Research Associate St. Boniface Hospital Albrechtsen Research Centre Winnipeg, Manitoba, Canada
Mohammad Sabbir (St. Boniface Hospital Albrechtsen Research Centre)| Carla Taylor (St. Boniface Hospital Albrechtsen Research Centre, St. Boniface Hospital Albrechtsen Research Centre)| Peter Zahradka (University of Manitoba, University of Manitoba)

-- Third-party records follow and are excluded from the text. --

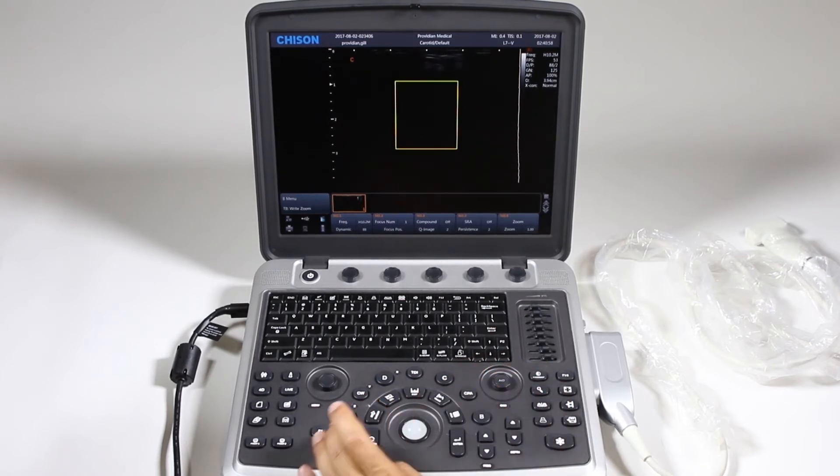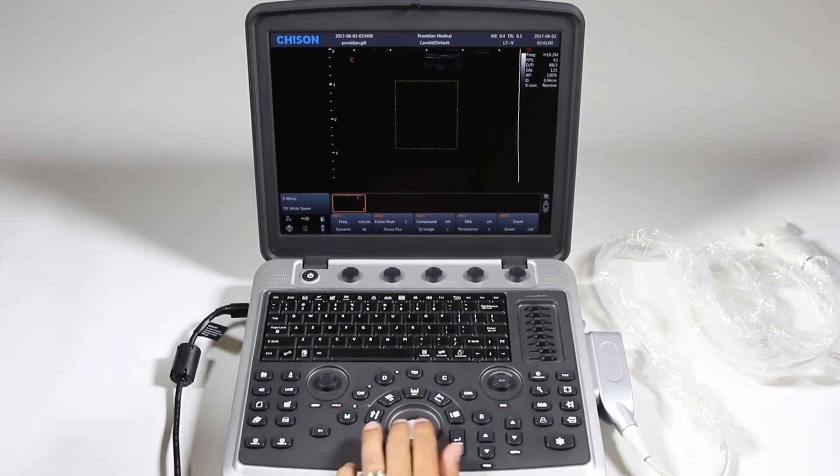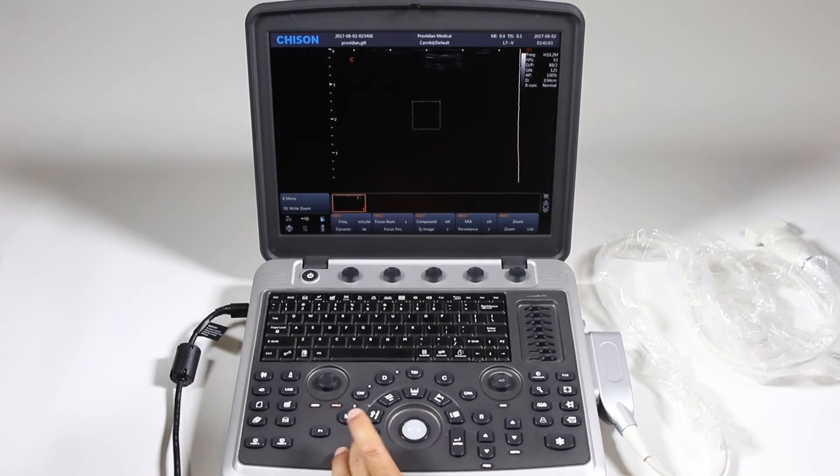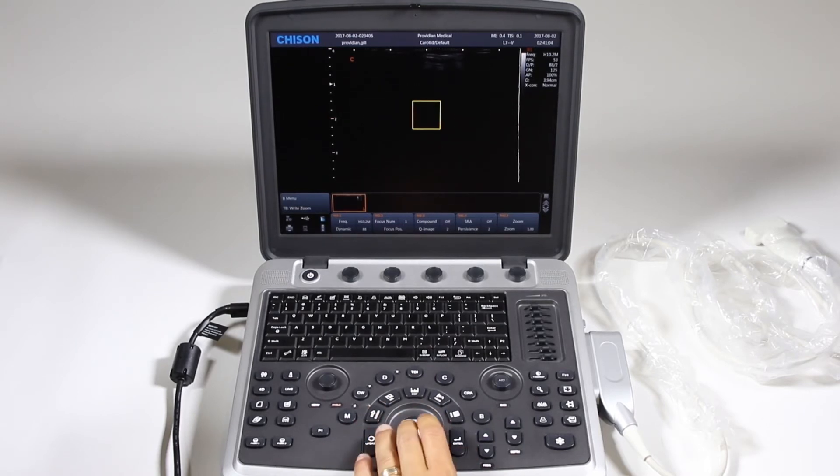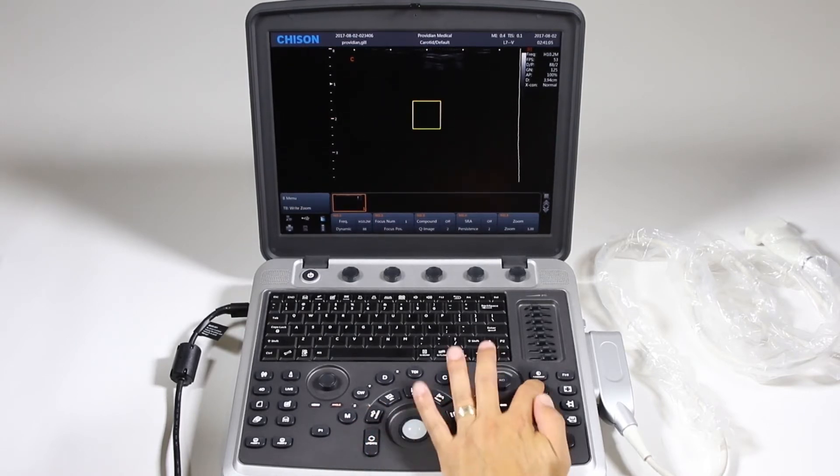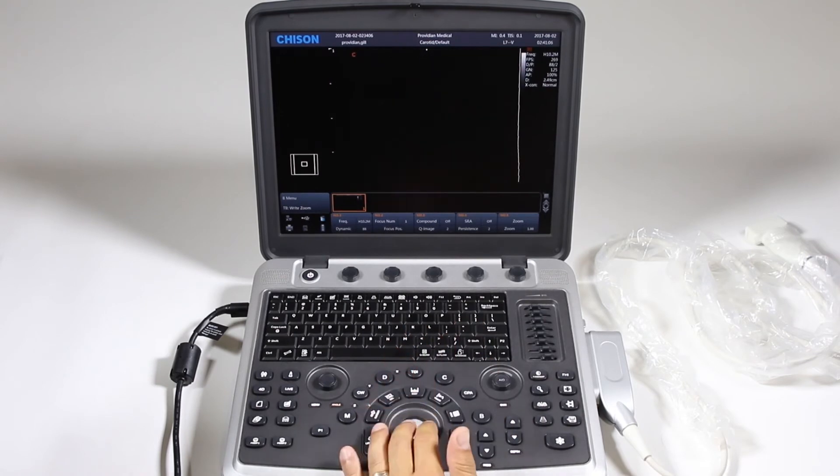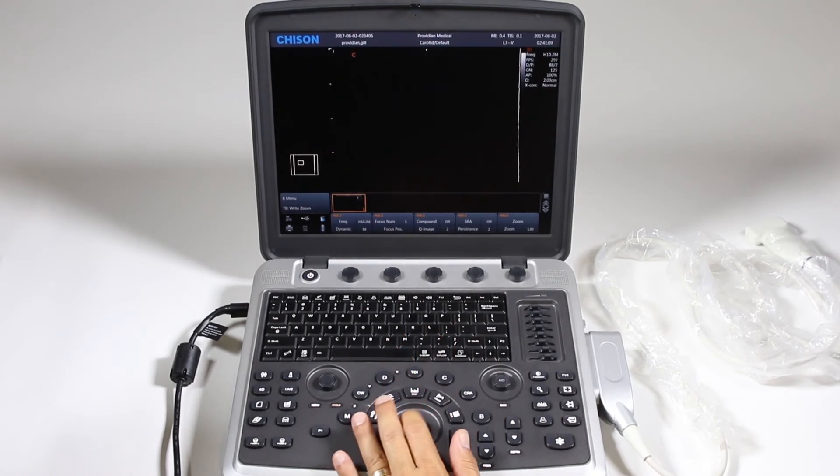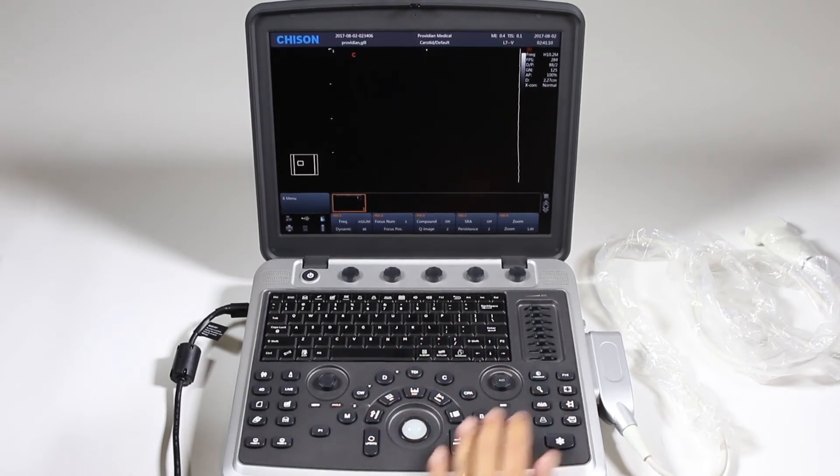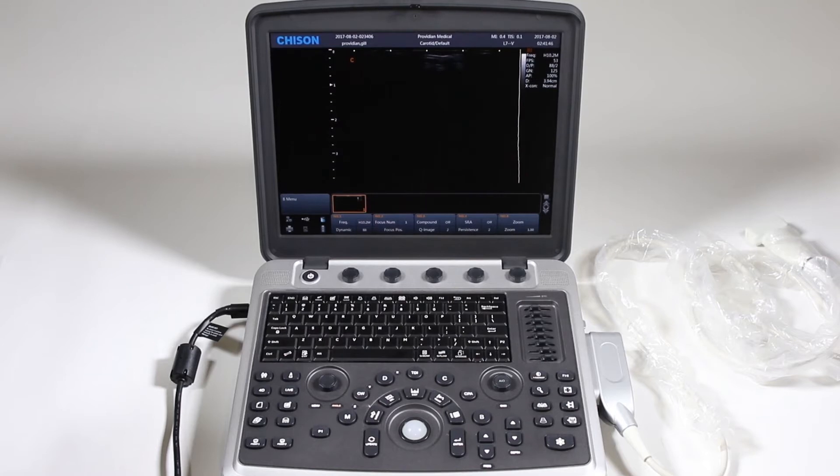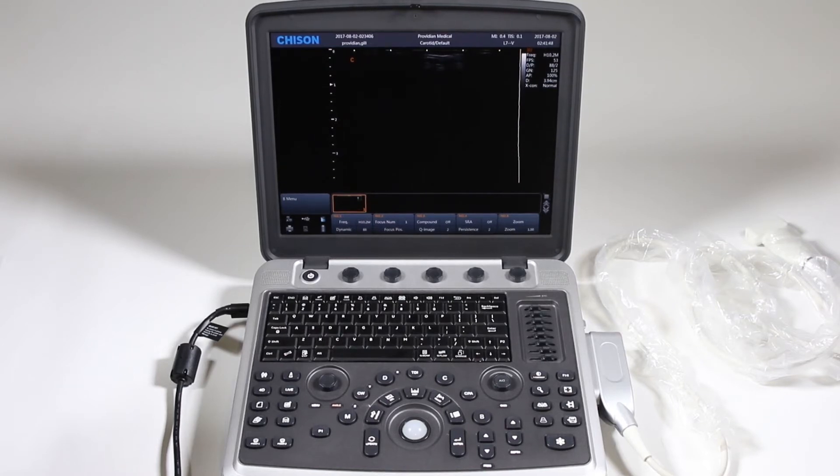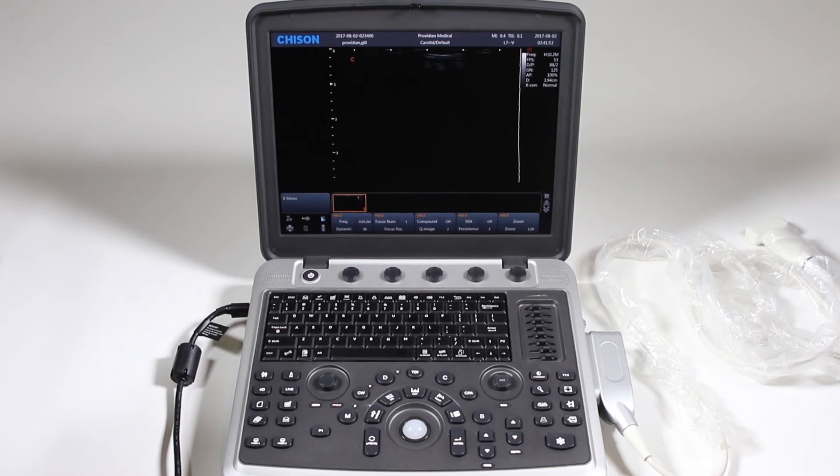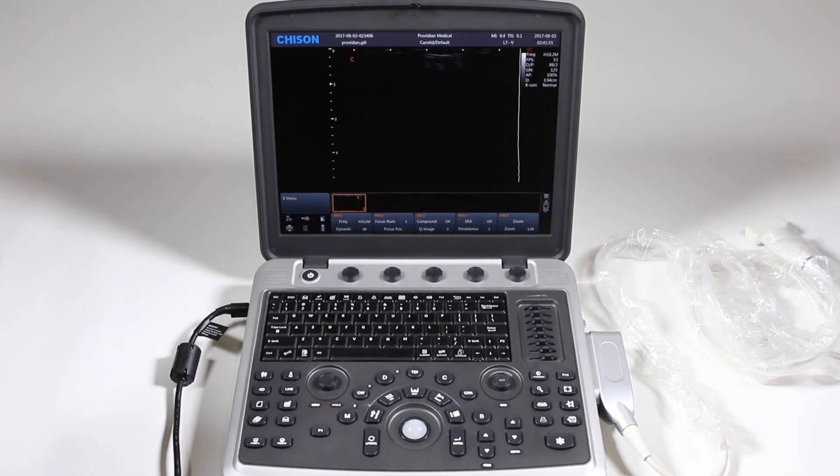If I click this zoom box, I can also use the update key, change the size of the zoom box. Click again, press the magnifying glass, and now I'm zooming in on that area. Some other items for image optimization, where you would start normally with the frequency, dynamic range, compound imaging, etc.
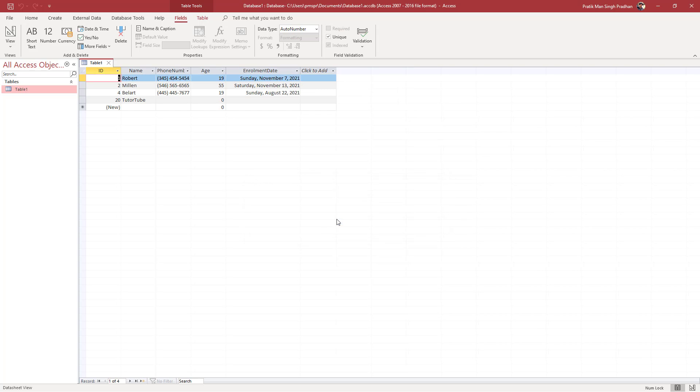That is how you can delete rows and columns inside an Access database table. I hope you guys learned something. As always, please like, comment, share, and subscribe.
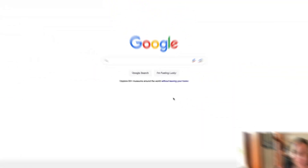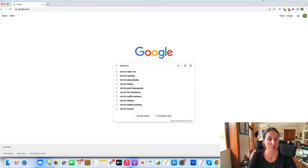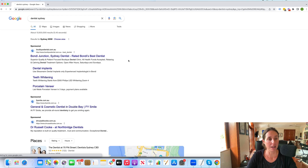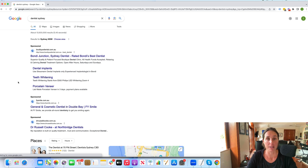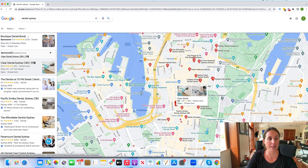If I dive into Google right now, here I am doing a quick search for 'Dentist Sydney.' You'll see that sponsored ads come up here — these are people who are bidding on this particular keyword, and they only pay when somebody clicks on their ad. You can also have ads in Google Maps. If I click on Maps, you'll see there are sponsored ads here — only two ad spots — so you can have your ads in Google Maps as well.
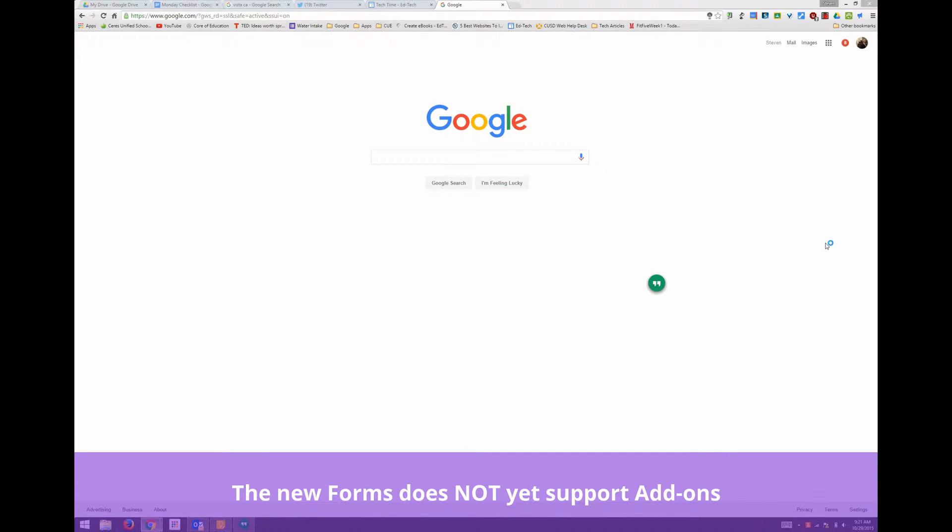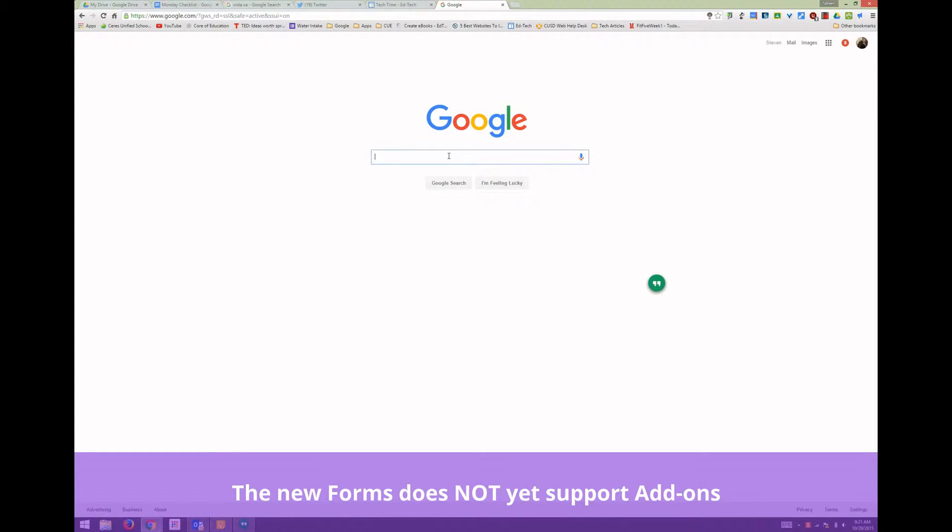Welcome to this week's edition of Tech Time. You may have heard there's a new version of Google Forms. Today we're going to show you how to get that new version, as well as how to go back to the old version, and where you can go for additional training on the new Google Forms.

The arachidonate 12-lipoxygenase (ALOX12) gene encodes an enzyme that acts on polyunsaturated fatty acid substrates and generates bioactive lipid mediators regulating a variety of biological processes associated with various disease pathologies. The human genome assembly (version GRCh38/hg38) revealed that the ALOX12 gene is overlapped by a previously uncharacterized antisense long non-coding RNA (lncRNA) designated as ALOX12-antisense 1 (ALOX12-AS1) indicating a possibility of antisense-sense regulation of the coding ALOX12. Furthermore, based on expressed sequence tag (EST) mapping, the Ensemble database revealed the existence of multiple transcriptional isoforms of ALOX12-AS1. Nine transcripts successively numbered as 201-209 are supported by at least one EST. Therefore, the objective of this study was to characterize human tissue and cell-type-specific expression as well as intracellular localization of ALOX12-AS1 lncRNA isoforms. Reverse transcription polymerase chain reaction and northern blotting-based studies revealed that ALOX12-AS1-201 and -202 are the dominant transcripts expressed in a variety of adult primary human tissues including adipose, artery, bone marrow, cerebellum, cortex, intestine, liver, smooth muscle, and skin tissues. Furthermore, RNA fluorescence in situ hybridization using primary adult human tissues as well as five transformed human cell lines (A431: skin epithelial, EA.hy926: endothelial, THP-1: monocytic, HEK293: embryonic kidney-derived, and HepG2: hepatoma-derived) revealed cell-type-specific expression and intracellular localization of the lncRNA. ALOX12-AS1-201 and -202 isoforms were differentially localized in the cytosol, nucleoplasm, as well as nucleoli, and the subcellular distribution exhibited variation depending on the cell-type and cell division state. The tissue and cell-type-specificity of ALOX12-AS1 lncRNA isoforms indicate that the isoforms might be involved in cell-type-specific regulation of ALOX12. This has been further reinforced by the overlapping nature of specific antisense-sense sequence elements involving both genes. Future studies are warranted to unravel the details of potential antisense-sense regulatory mechanism which is beyond the scope of the present study. Overall, this study provided a starting point to unravel a lncRNA-mediated regulation of ALOX12 that may underlie the generation of potent bioactive lipid mediators associated with disease pathogenesis.